5.5 Warehouses of raw materials, semi-finished products and finished products located in production buildings, as well as loading platforms (ramps) should be designed taking into account the requirements of SNiP 31-04.

5.6 In multi-storey buildings with a height of more than 15 m from the planning level of the ground to the level of the finished floor of the upper floor (excluding the technical one) and the presence of permanent jobs or equipment at the mark of more than 15 m, which must be serviced more than three times per shift, passenger elevators should be provided. Freight lifts should be provided in accordance with the technological part of the project.
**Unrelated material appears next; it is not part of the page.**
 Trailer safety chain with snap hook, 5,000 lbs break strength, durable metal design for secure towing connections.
The number and capacity of elevators should be taken depending on the passenger and freight traffic. With the number of employees (in the most numerous shift) no more than 30 on all floors located above 15 m, one elevator should be provided in the building.
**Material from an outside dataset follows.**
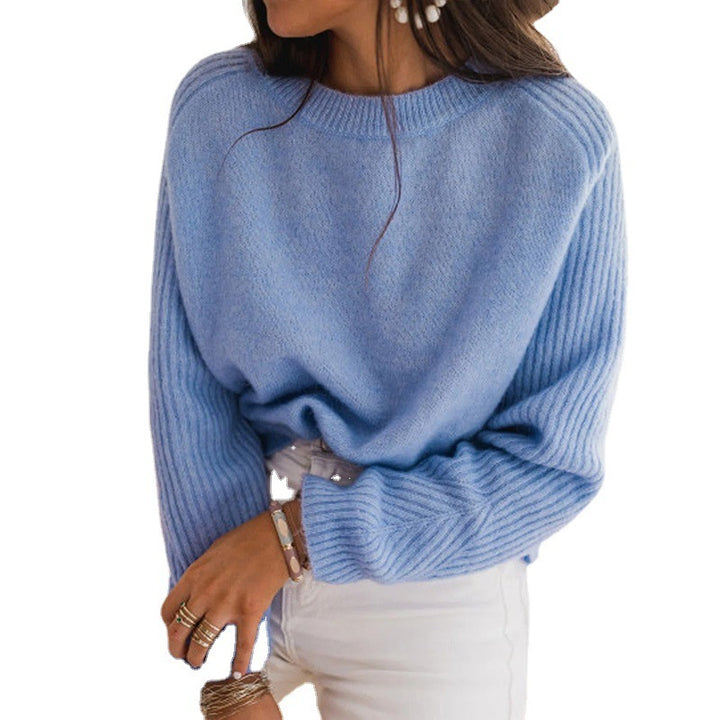 European Milk Blue Bedford Cord Sweater Women's Round-collar Long-sleeve Knitwear-Sweaters-Zishirts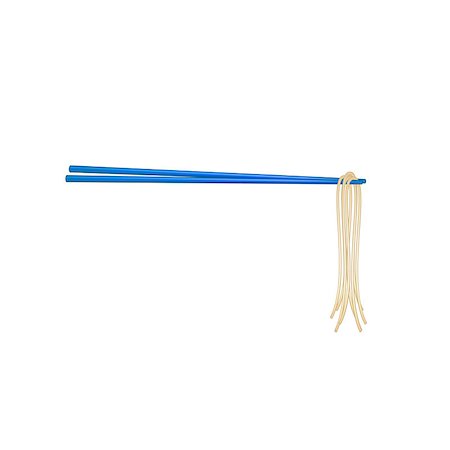 Wooden chopsticks in blue design holding noodles on white background Stock Photo - Budget Royalty-Free & Subscription, Code: 400-09052345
If there are rooms on the second floor and above intended for the work of disabled people using wheelchairs, a passenger elevator should be provided in the building, if it is impossible to organize workplaces for disabled people on the first floor. The elevator car must have dimensions of at least: width - 1.1 m, depth - 2.1 m, width of the doorway - 0.85 m.

5.7 Exits from the basements should be provided outside the area of \u200b\u200boperation of material handling equipment.

5.8 The width of the vestibules and vestibules should be taken more than the width of the openings by at least 0.5 m (0.25 m on each side of the opening), and the depth - more than the width of the door or gate leaf by at least 0.2 m, but not less than 1.2 m.If there are disabled people among the working people who use wheelchairs, the depth of vestibules and vestibules should be taken at least 1.8 m.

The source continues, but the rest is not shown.